A form of oral tobacco placed under the upper lip which is considered by many to be useful in smoking cessation, snus is extremely popular in the Nordic countries, in particular Sweden and Norway.
But it could also mean a smaller market for e-cigs, and one less attractive to businesses from outside the region, since snus may already satisfy much of the demand for an alternative to combustible tobacco.
“A significant percentage of those who might have elected to start vaping are already using snus instead of combustible cigarettes,” the report says. “[This] means that while the e-cigarette industry can be expected to grow in the region, it may not reach the levels seen in other countries.”
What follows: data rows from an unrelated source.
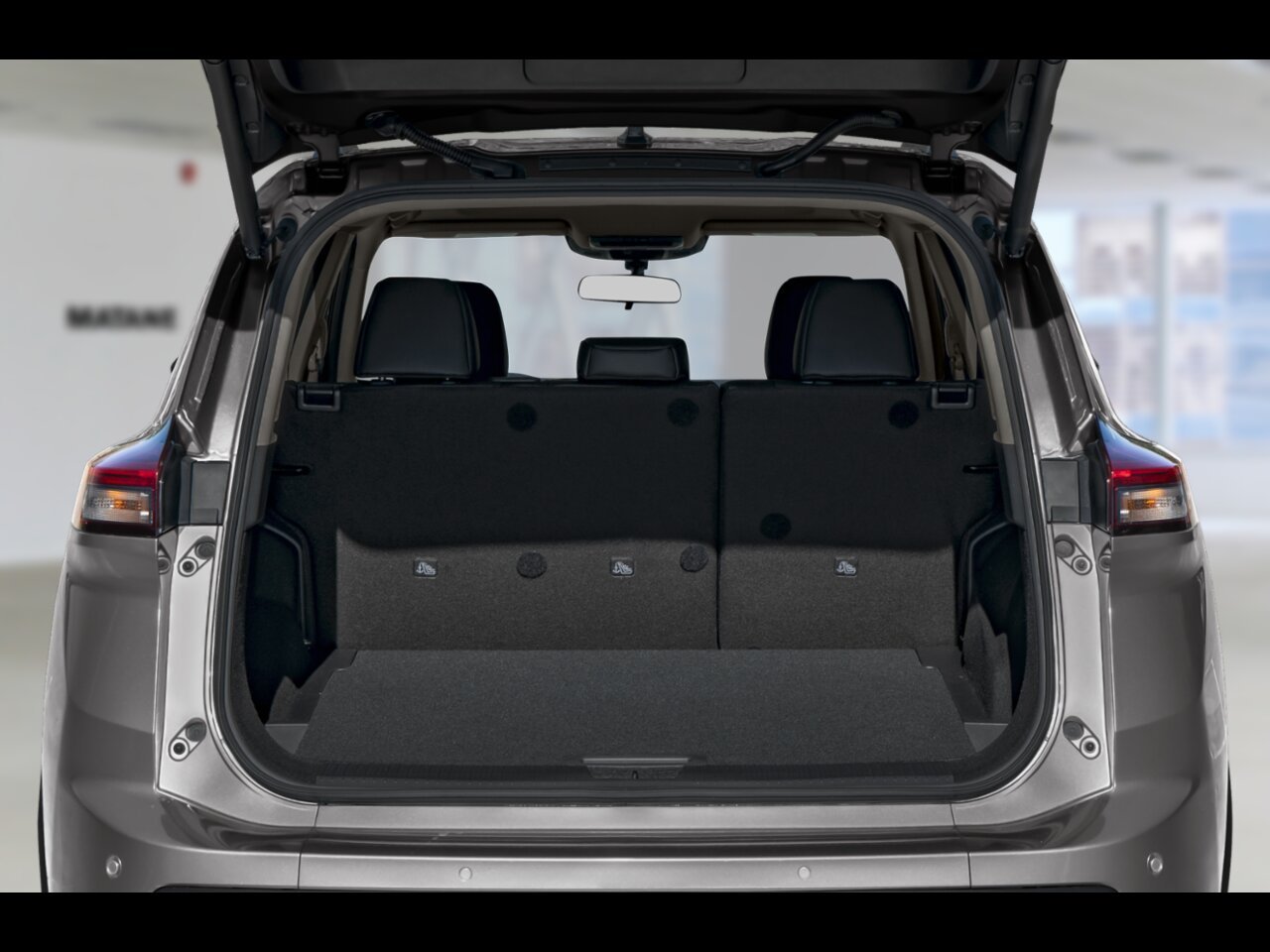 NISSAN Rogue 2026 Gris Matane - photo #1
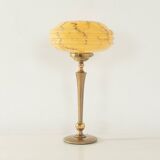 Art déco table lamp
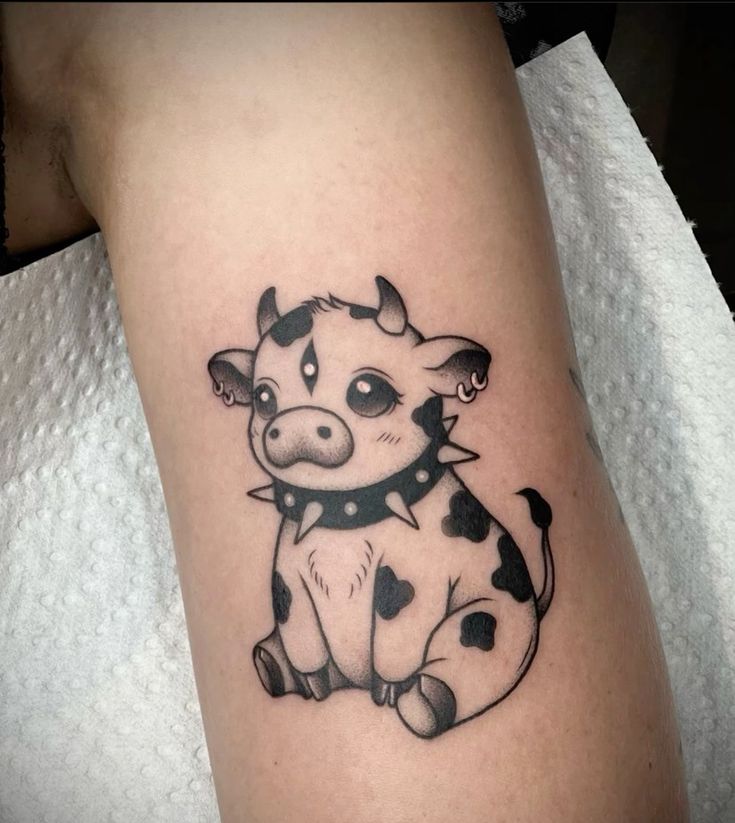 31 Calf Tattoo Ideas: From Cottagecore to Punk Cowgirl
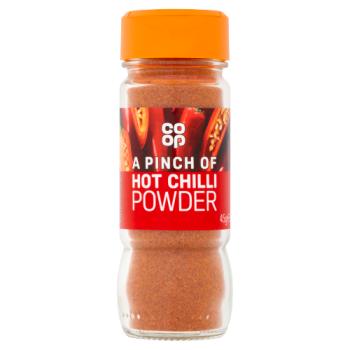 Co-op A Pinch of Hot Chilli Powder 45g
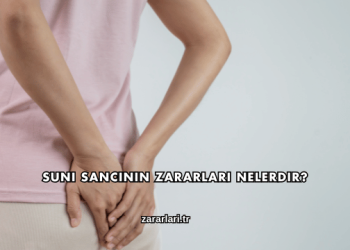 Suni Sancının Zararları Nelerdir?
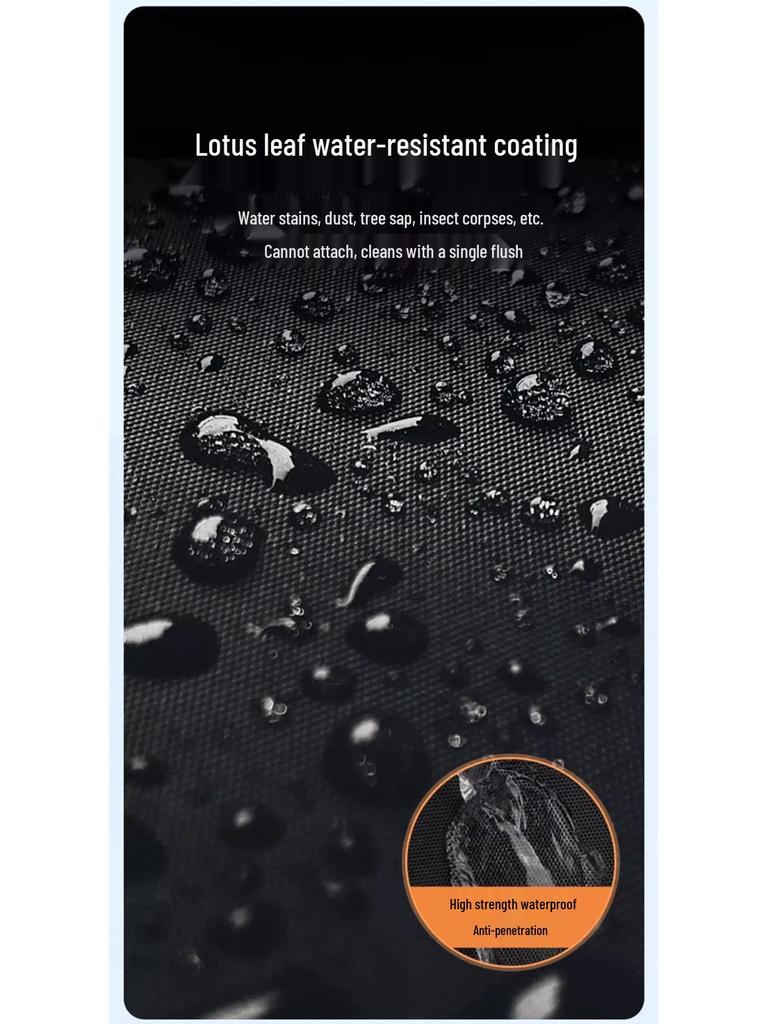 Car Windshield Snow Cover: Anti-freeze, Rainproof, Snowproof, Sunshade, and Heat Insulation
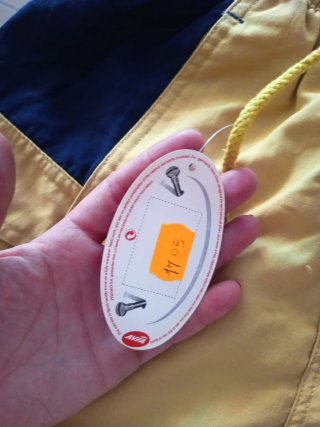 Pantalón corto niño Avia Talla 16
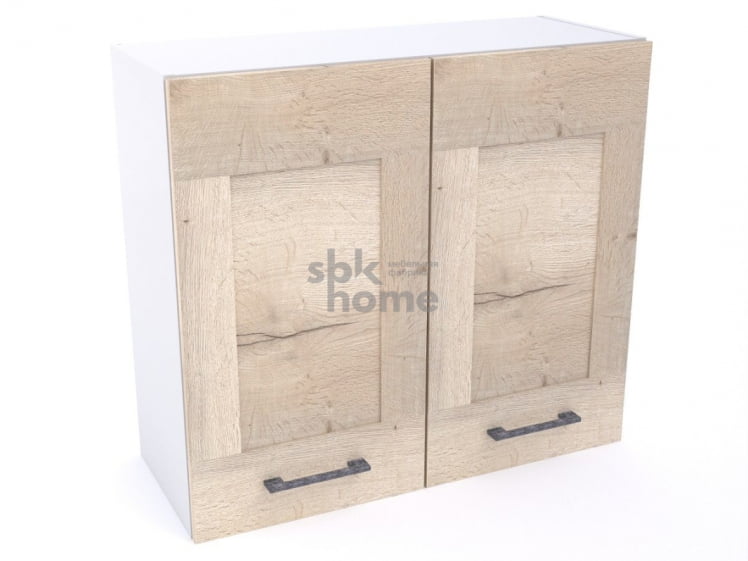 Шкаф ШГ-90, Дублин (900*320*720) Дуб галифакс белый, 21683 _0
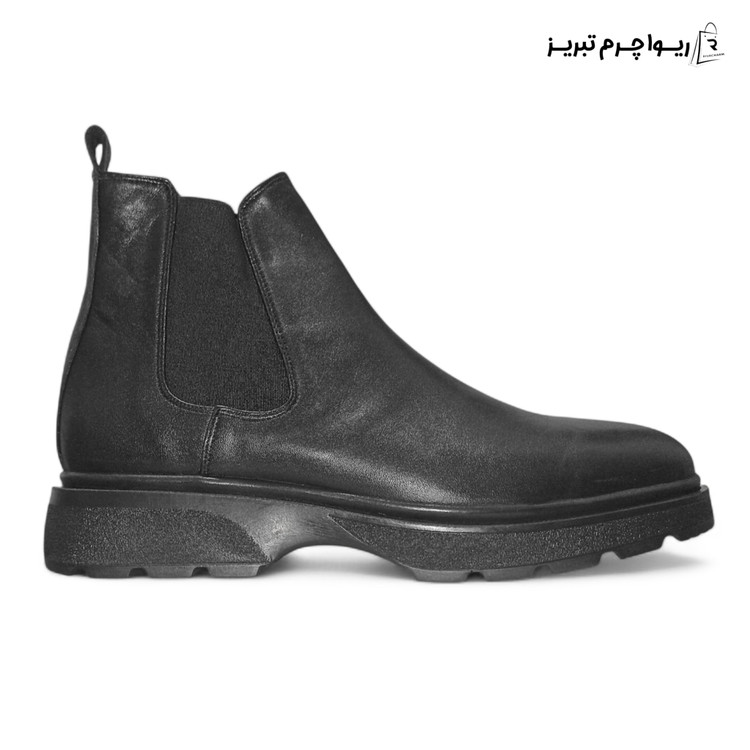 بوت چلسی مردانه چرم استرالیایی ریواچرم تبریز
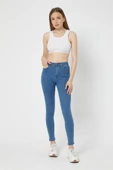 Bayan Yeni Model Kot Pantolon 7453443 - 1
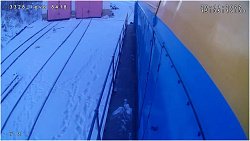 Машинист тепловоза сбил напарника в Вишневогорске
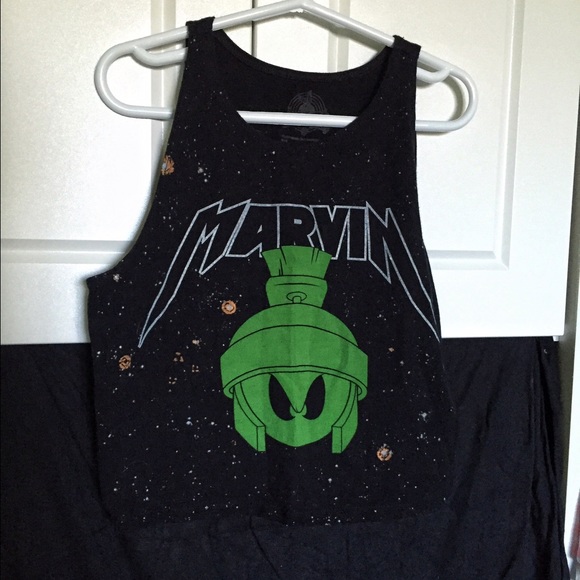 Marvin Crop Top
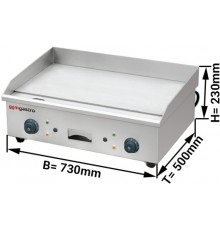 Жарова поверхня 0,73 м GGM Gastro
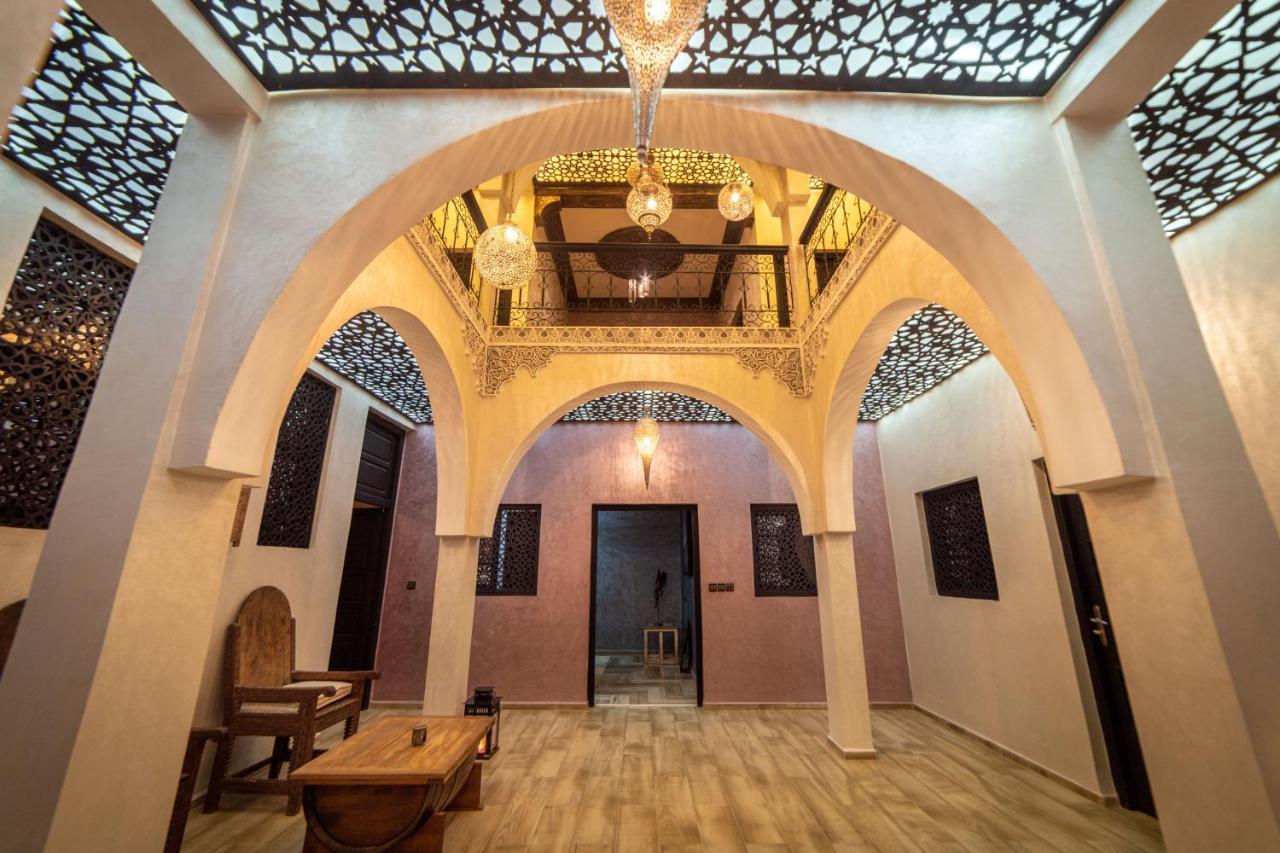 Riad Ksar Aylan Tajda Buitenkant foto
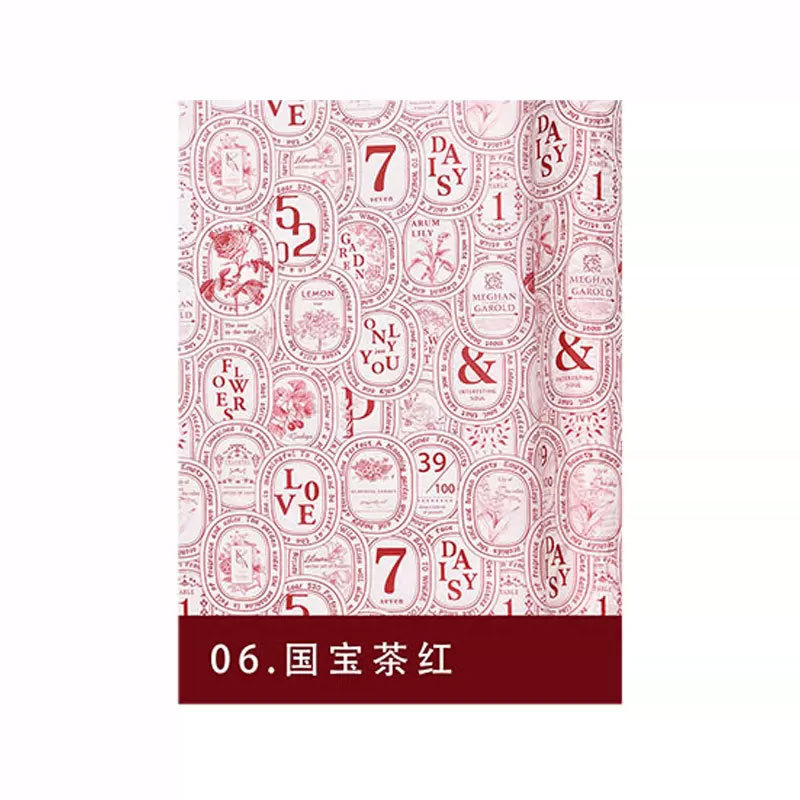 Huaxi té negro copo de nieve papel de embalaje ramo de flores artesanal micro impermeable papel de revestimiento florista papel de embalaje floral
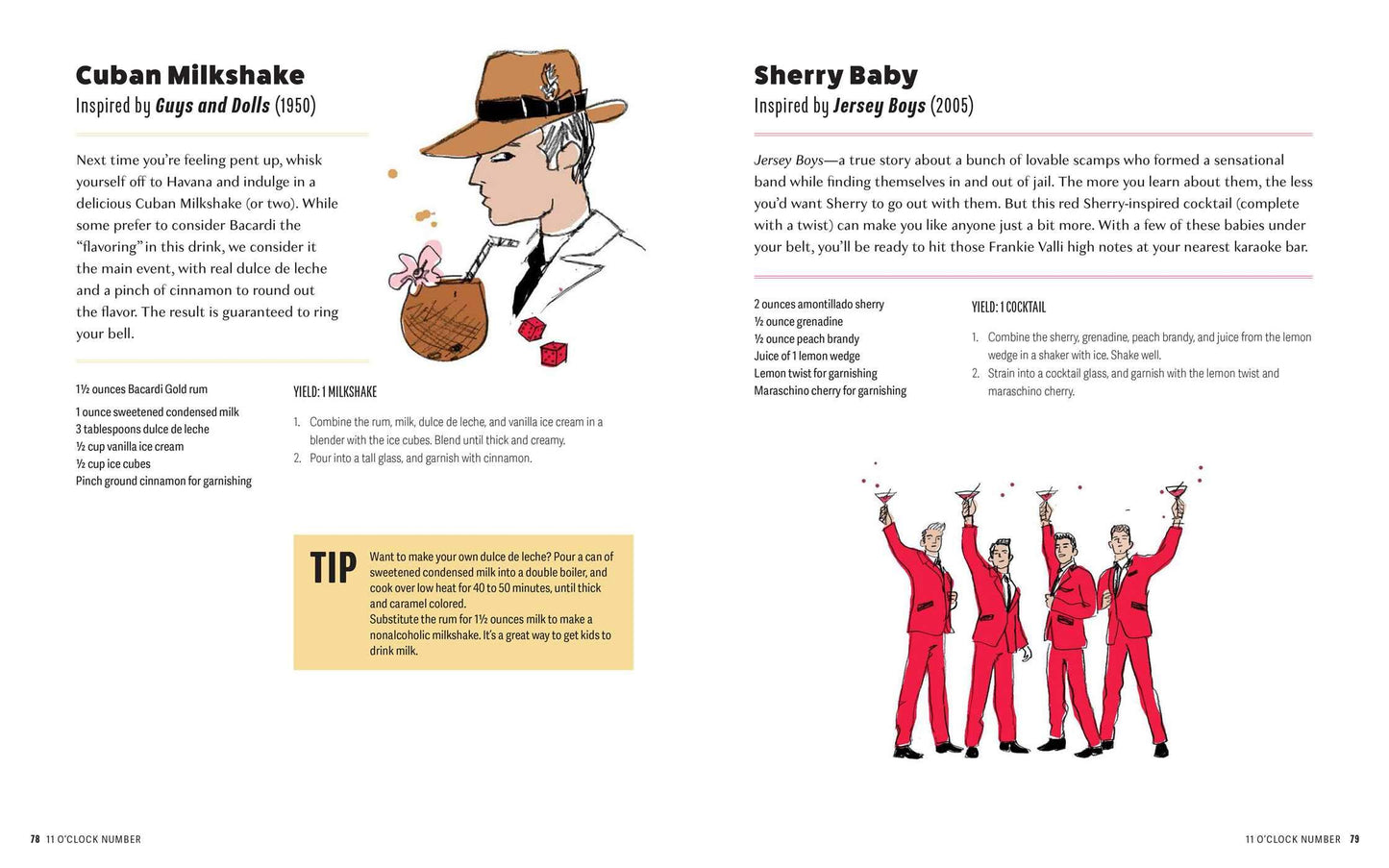 ¡Rompe un huevo!: El libro de cocina de Broadway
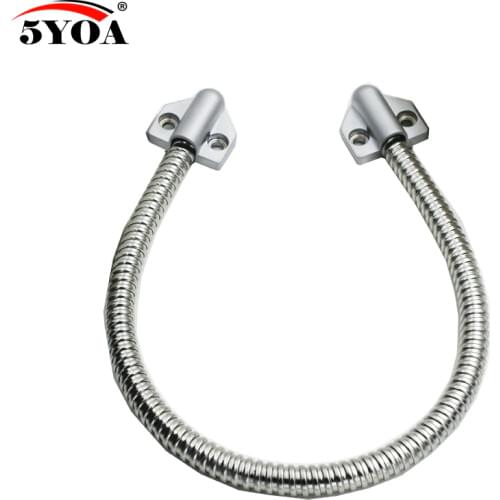 5YOA Door Loop Electric Exposed Mounting protection sleeve Access Control Cable Line for Control Lock Door Lock Stainless steel
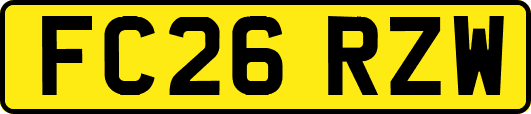 FC26RZW
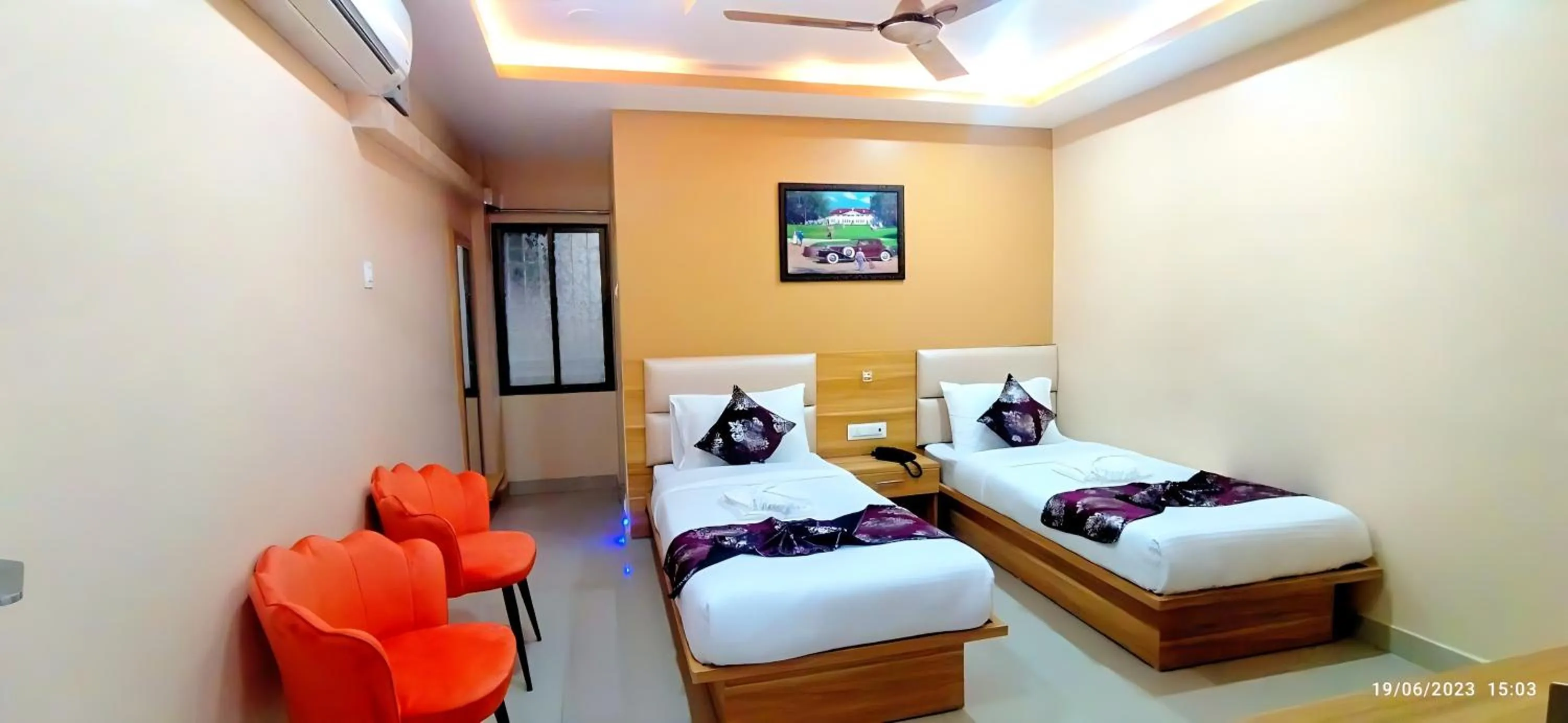 Bedroom in RENUKA REGENCY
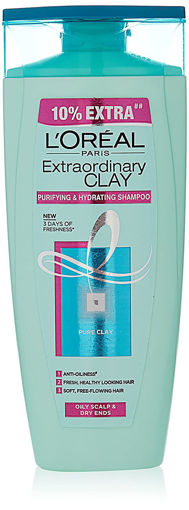 Picture of Loreal Paris Extraordinary Clay Purifying & Hydrating Shampoo 82.5ml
The growth of e-cigarettes is not helped by the regulatory situation, with the sale of nicotine-containing e-cigarette products banned in the Nordic nations, although a small amount can be imported for personal use from other countries – similar to the situation in New Zealand and Australia, focus of another recent ECigIntelligence report.
By contrast, snus is legal in Sweden and until recently has been tolerated in Denmark, although prohibited in the rest of the EU. It is also permitted in Norway, not part of the EU.
The ban on nicotine-containing e-cigarettes has affected the makeup of the Nordic e-cig market, with tank systems accounting for as much as 95% of sales and the majority of purchases taking place online, the new ECigIntelligence report finds.
“As e-liquids containing nicotine are difficult to come by, a customer is more likely to opt for the tank system – which can be legally bought without any liquid – and then source what e-liquid they can, where they can,” the report says.
What This Means: Like Australasia, the Nordic market is likely to remain stunted when compared to others– particularly its close neighbours in Europe. But this does mean that smaller e-cigarette companies may be able to gain traction in the Nordic bloc more easily than they can penetrate larger e-cig markets such as the UK.